Task goal => When you reproduce the data, keep every word exactly as it stands and leave the pictures out.
-- Material for this exercise follows --
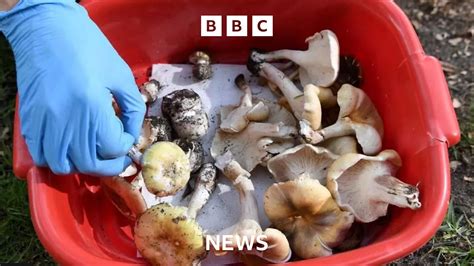 Bbc Suspected Mushroom Poisoning Woman Charged
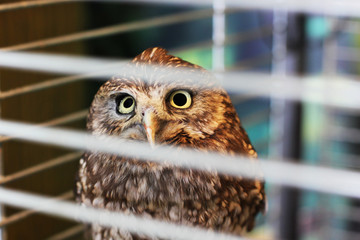 Beautiful owl in a cage. Owl close-up. Bird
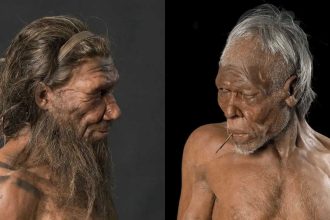 Neanderthals vs Homo sapiens: What separated modern humans from their ancient cousins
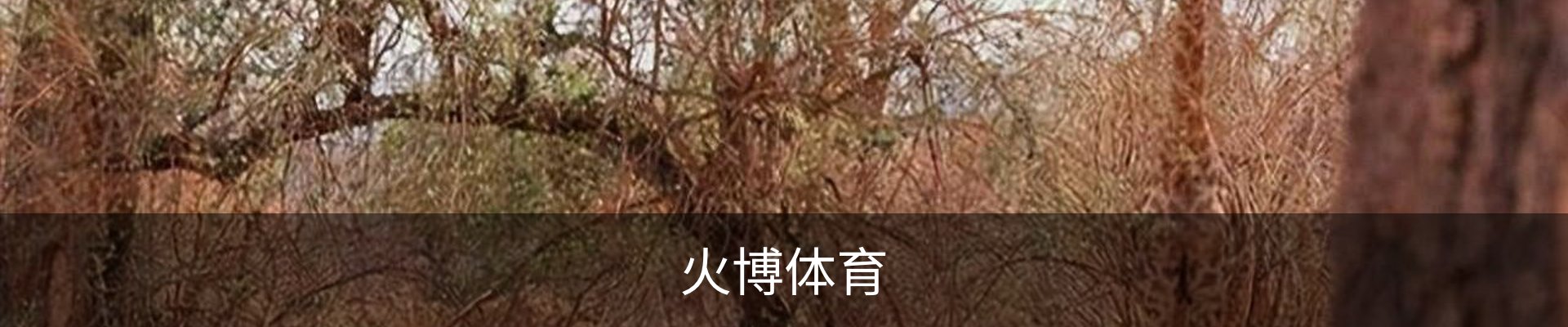 火博体育 - HUOBO火博体育官方网站 - HUOBO SPORTS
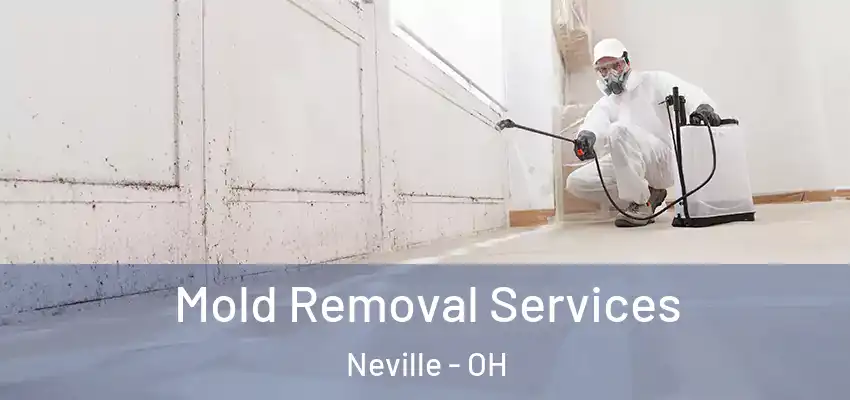  Mold Removal Services Neville - OH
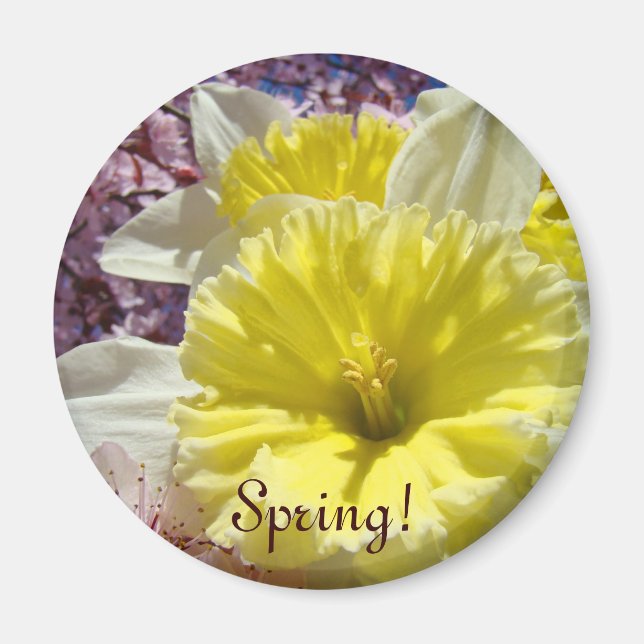 ¡Primavera! regalos de imán Flores de Narciso Colo (Frente)
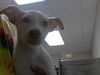 adoptable Dog in Fayetteville, NC named A422146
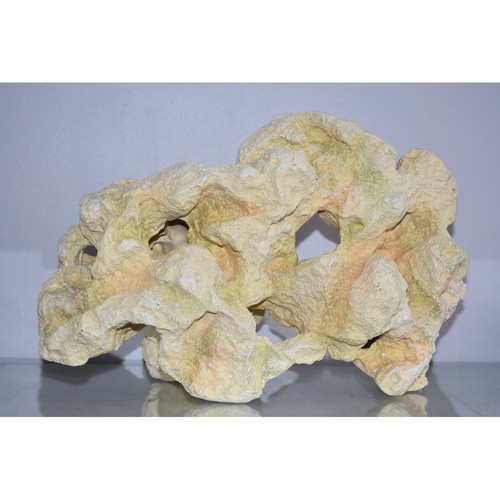 Stunning giant detailed coral - giant,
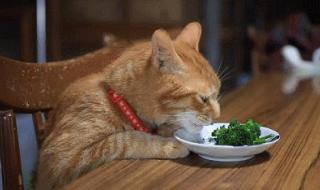 猫咪能吃小麦么 猫咪可以吃什么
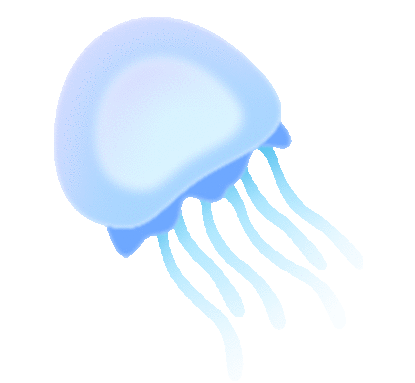 宁波到枸杞岛旅游攻略_宁波怎么枸杞岛_宁波去枸杞岛旅游攻略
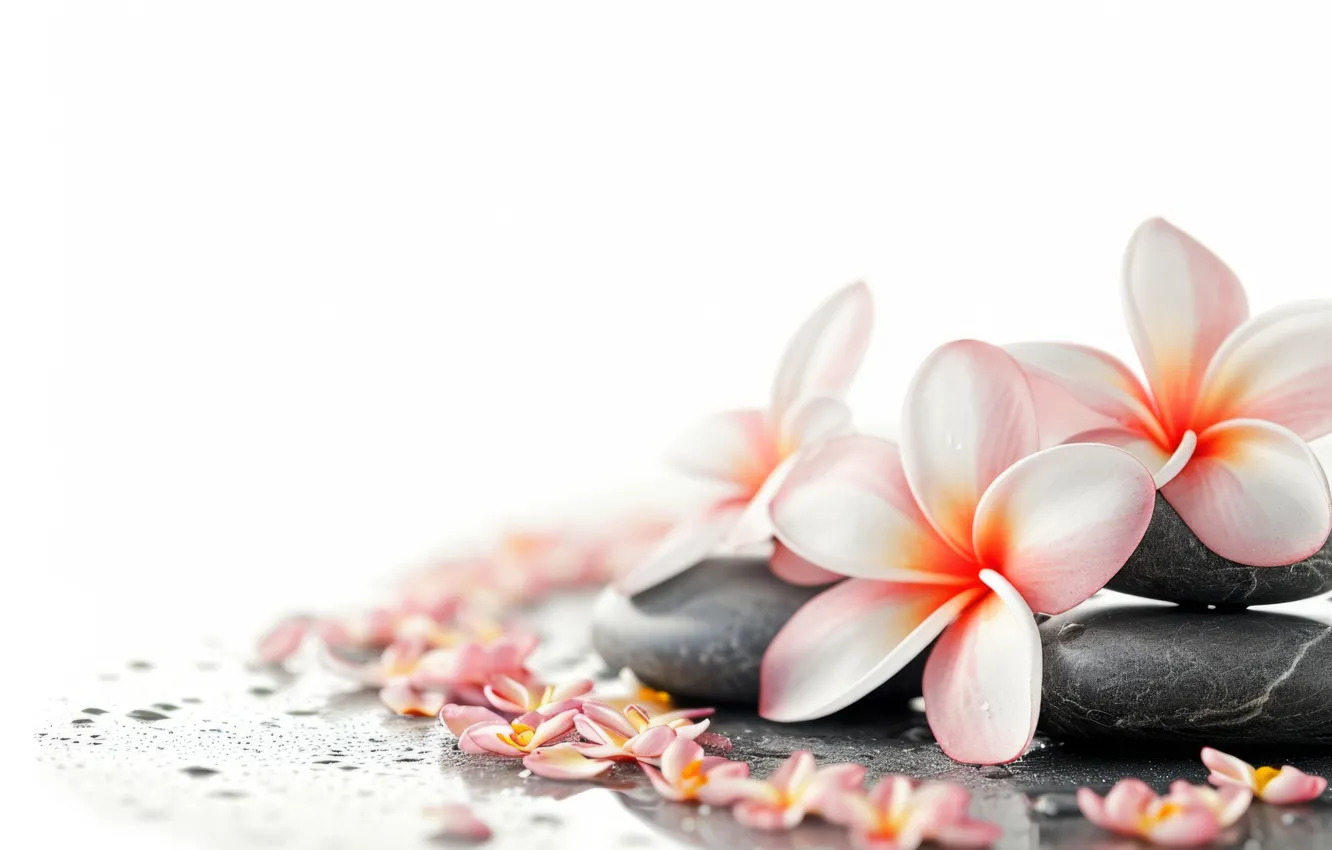 Photo wallpaper flowers, stones, white background, plumeria, AI art, neural network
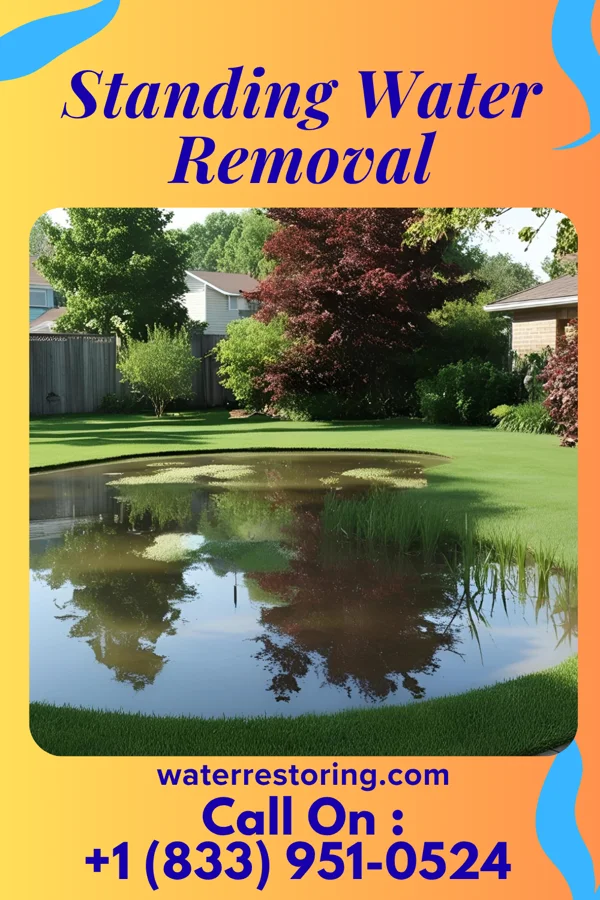 Standing Water Removal in Franklin, PA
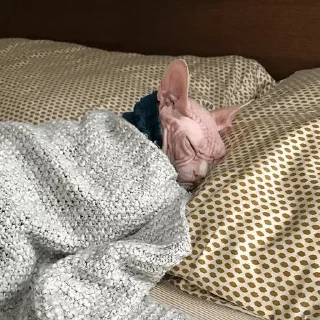 Sticker Broken Cat | @ll1k4 - 4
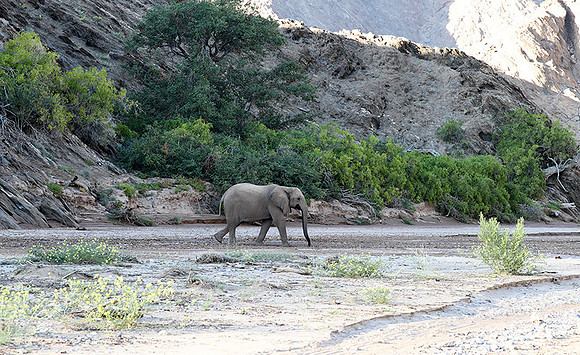 Skeleton coast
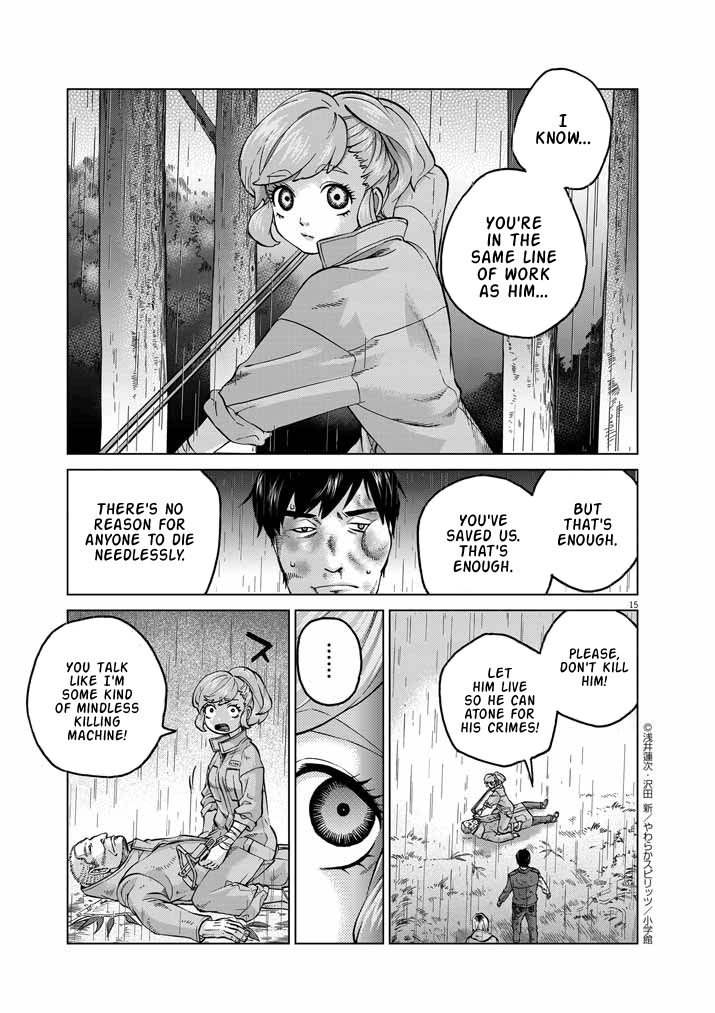 Page 15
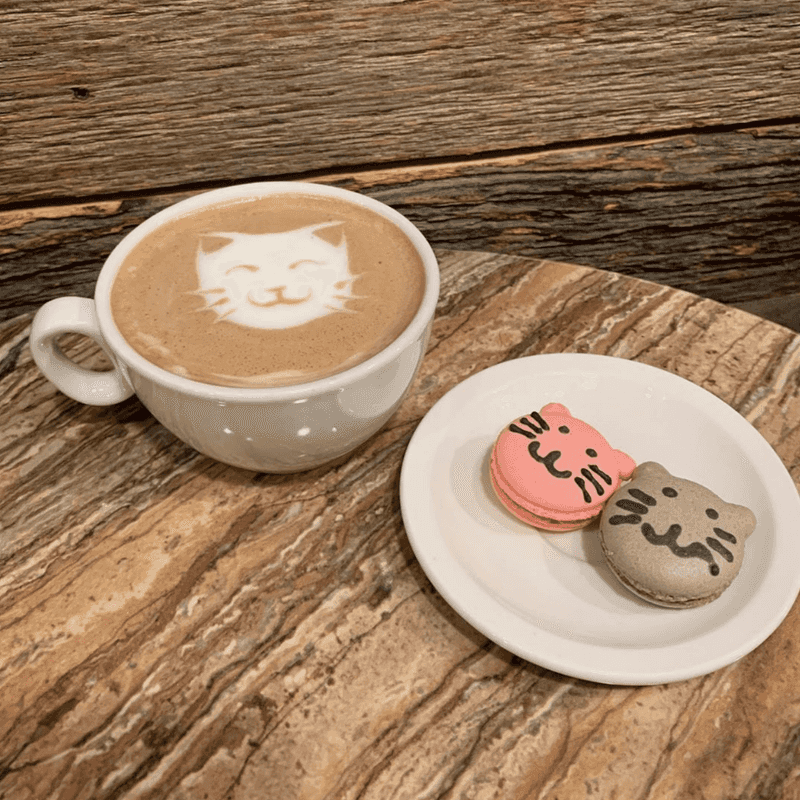 Coffee That Actually Delivers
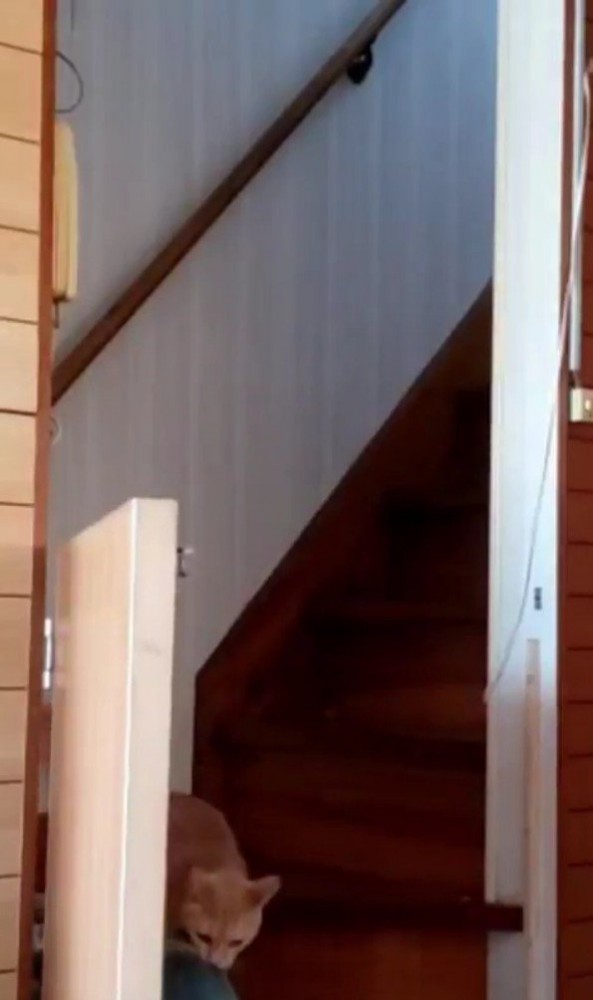 ぬいぐるみをくわえている猫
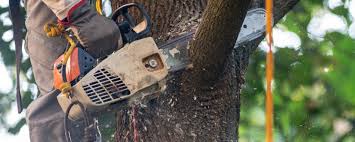 Best Tree Removal  in Summerfield, MD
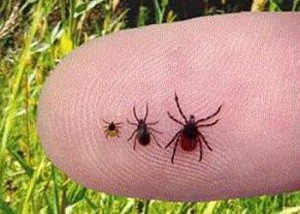 Ticks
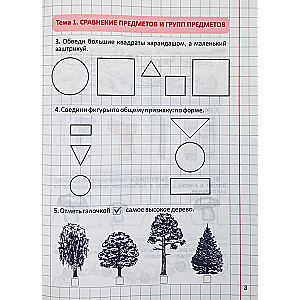 Development of Mathematical Abilities. 1st Grade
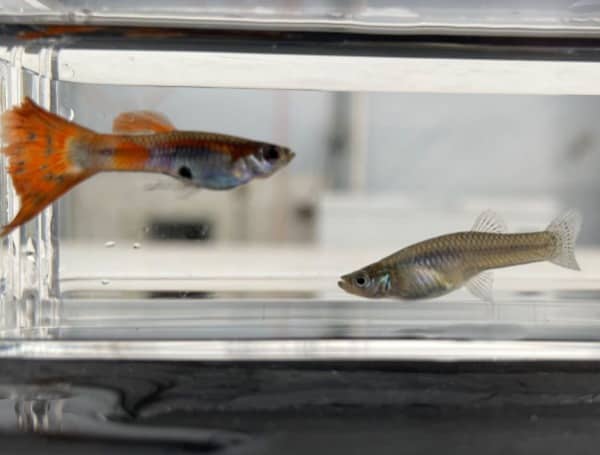 photo shows a guppy and a mosquitofish. Guppies have the color; mosquitofish are drab. The photo is taken at the UF/IFAS Tropical Aquaculture Laboratory in Ruskin, and they’re “courtesy, Quenton Tuckett, UF/IFAS.”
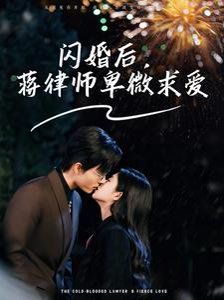 闪婚后蒋律师卑微求爱（闪婚后高冷律师疯狂宠）海报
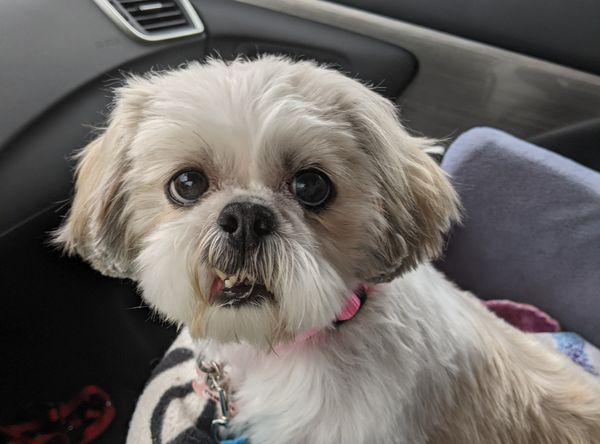 Buffalo Pug and Small Breed Rescue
-- Material for this exercise concluded --
Written answer =>
 Bbc Suspected Mushroom Poisoning Woman Charged
 Beautiful owl in a cage. Owl close-up. Bird
 Neanderthals vs Homo sapiens: What separated modern humans from their ancient cousins
 火博体育 - HUOBO火博体育官方网站 - HUOBO SPORTS
  Mold Removal Services Neville - OH
 ¡Primavera! regalos de imán Flores de Narciso Colo (Frente)
 adoptable Dog in Fayetteville, NC named A422146
 Stunning giant detailed coral - giant,
 猫咪能吃小麦么 猫咪可以吃什么
 宁波到枸杞岛旅游攻略_宁波怎么枸杞岛_宁波去枸杞岛旅游攻略
 Photo wallpaper flowers, stones, white background, plumeria, AI art, neural network
 Standing Water Removal in Franklin, PA
 Sticker Broken Cat | @ll1k4 - 4
 Skeleton coast
 Page 15
 Coffee That Actually Delivers
 ぬいぐるみをくわえている猫
 Best Tree Removal  in Summerfield, MD
 Ticks
 Development of Mathematical Abilities. 1st Grade
 photo shows a guppy and a mosquitofish. Guppies have the color; mosquitofish are drab. The photo is taken at the UF/IFAS Tropical Aquaculture Laboratory in Ruskin, and they’re “courtesy, Quenton Tuckett, UF/IFAS.”
 闪婚后蒋律师卑微求爱（闪婚后高冷律师疯狂宠）海报
 Buffalo Pug and Small Breed Rescue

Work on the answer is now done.